I'm going to close this as fixed now in 0.1.33. As commenters above have pointed out, it's opt-in for now, but we do intend to eventually do concurrency automatically without requiring the env vars.

To clarify some questions above: There are 2 layers of concurrency.
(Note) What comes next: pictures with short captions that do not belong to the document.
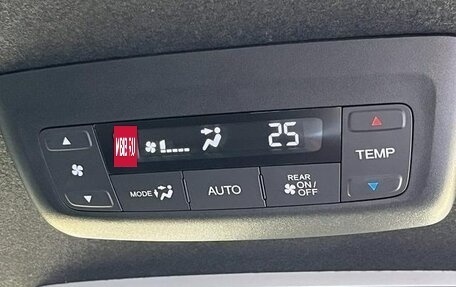 Honda Stepwgn, 2023 год, 2 401 000 рублей, 25 фотография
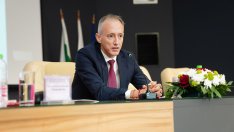 Може да увеличат часовете по български и литература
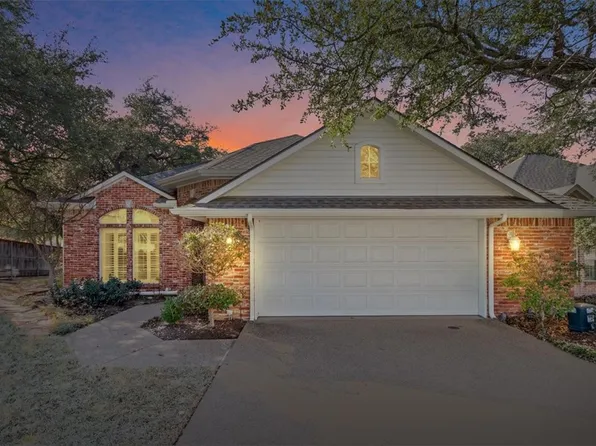 101 Kingston Dr, Woodway, TX 76712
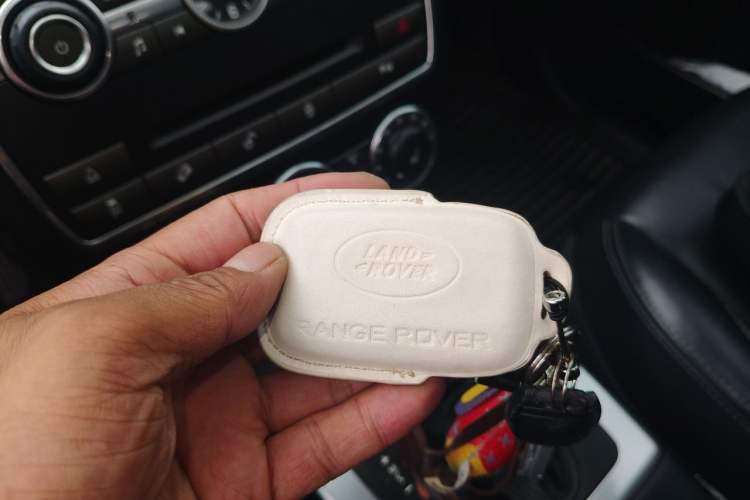 Used Land Rover Freelander 2 2015 2.0T Si4 HSE Luxury Collector's Edition Vehicle Key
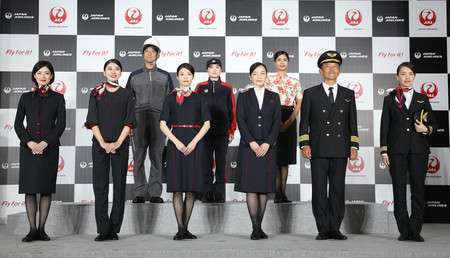 JAL、パンツスタイル初採用＝女性客室乗務員に、来春から新制服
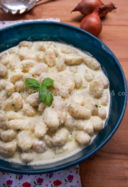 Gnocchi alla salsa di basilico e curry e i miei tre pargoli...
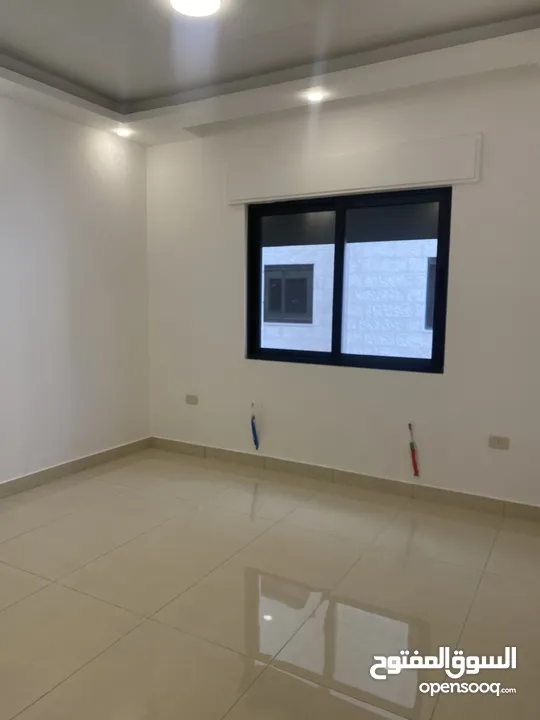 شقق جديدة مطلة في البيادر للبيع من المالك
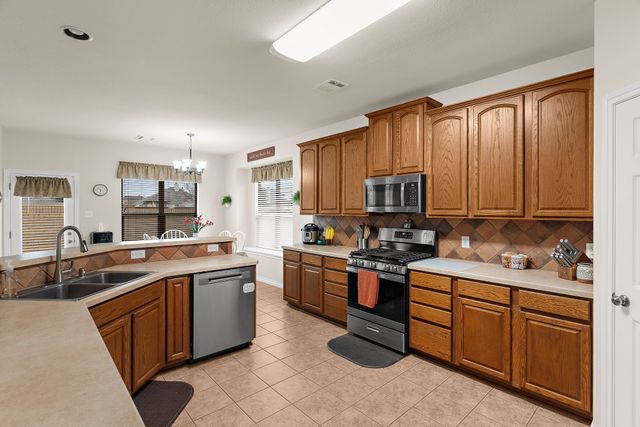 221 Villanova Drive, Van Alstyne, TX 75495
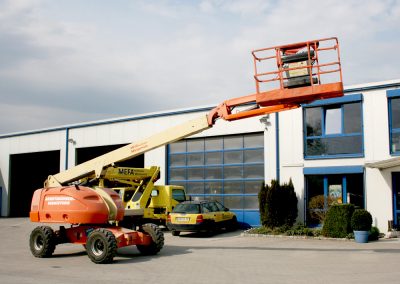 Teleskopbühne 16m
There's OLLAMA_NUM_PARALLEL which controls how many requests can be answered against a single loaded model, and there's OLLAMA_MAX_LOADED_MODELS which controls how many models can be loaded at the same time, up to the limits of VRAM. (note: we do not support loading two or more copies of the same model)

https://github.com/ollama/ollama/releases

@dhiltgen
I install ollama on Mac.
are these the default value for this two env?OLLAMA_NUM_PARALLEL=4 OLLAMA_MAX_LOADED_MODELS=4.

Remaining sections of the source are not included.